La guardia di finanza di Ortona, con il coordinamento della Procura della Repubblica di Lanciano – ha scoperto un gruppo di soggetti dediti alla ricerca sistematica di società in crisi delle quali, tramite teste di legno, ne acquistavano le quote e, variandone la sede, l’oggetto ed il capitale sociale, gradualmente, le conducevano al fallimento.
Nello specifico, sin dal 2018, si sono inseriti nella compagine di una società, ormai priva di una struttura aziendale, spostandone la sede a San Vito Chietino e tramite false manovre di bilancio, ne hanno aumentato fittiziamente il capitale sociale, portandolo da 3 mila a 45 mila euro, così da creare l’immagine di un’azienda solida e, pertanto, idonea a riscuotere credibilità finanziaria e, più in generale, sul mercato.

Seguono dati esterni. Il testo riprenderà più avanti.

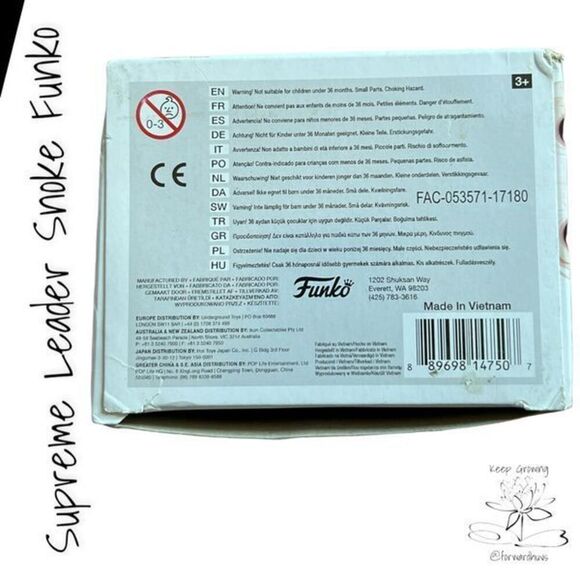 Funko Pop Star Wars Collection Supreme Leader Snoke #199 - Picture 7 of 8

Le Fiamme Gialle ortonesi hanno accertato che la medesima operava come società “cartiera”, cioè costituita per l’emissione di fatture per operazioni inesistenti a favore di un gruppo di imprese tutte riconducibili ad un unico imprenditore. Tale procedura illecita, che si è avuto modo di riscontrare nel corso delle indagini, è stata utilizzata anche da altre due società e da una ditta individuale, tutte prive di una vera struttura aziendale, caratterizzate da capitali fittizi, limitata operatività nel tempo e dal mancato assolvimento degli obblighi tributari.
Le tre società cartiere, poi indotte al fallimento e la ditta individuale sono state “usate” per emettere fatture per operazioni inesistenti per oltre 1,1 milioni di euro al fine di consentire a terzi di evadere, tra l’altro, oltre 240 mila euro di Iva.
Nel corso dell’indagine, quanto disvelato si è, altresì, arricchito di una condotta truffaldina ai danni di una locale agenzia di lavoro interinale che, tratta in inganno dalla falsata realtà aziendale, forniva alla società di San Vito Chietino personale mai impiegato nella stessa.
Infatti, i lavoratori, venivano scelti e assunti – in maniera “veicolata” – nonché pagati per fittizi lavori di pulizia e sanificazione direttamente dalla società di lavoro interinale, alla quale la società committente non ha mai corrisposto i compensi per un importo complessivo di oltre 37 mila euro.
I lavoratori “fantasma”, infine, una volta interrotto il rapporto con la società, richiedevano all’INPS addirittura il contributo per la disoccupazione, traendo così in inganno anche l’Ente previdenziale.
Il Comandante Provinciale – il colonnella Michele Iadarola – evidenzia come il servizio condotto sia la testimonianza della costante ricerca della trasversalità negli interventi del Corpo al contrasto di ogni forma di illecito economico – finanziario.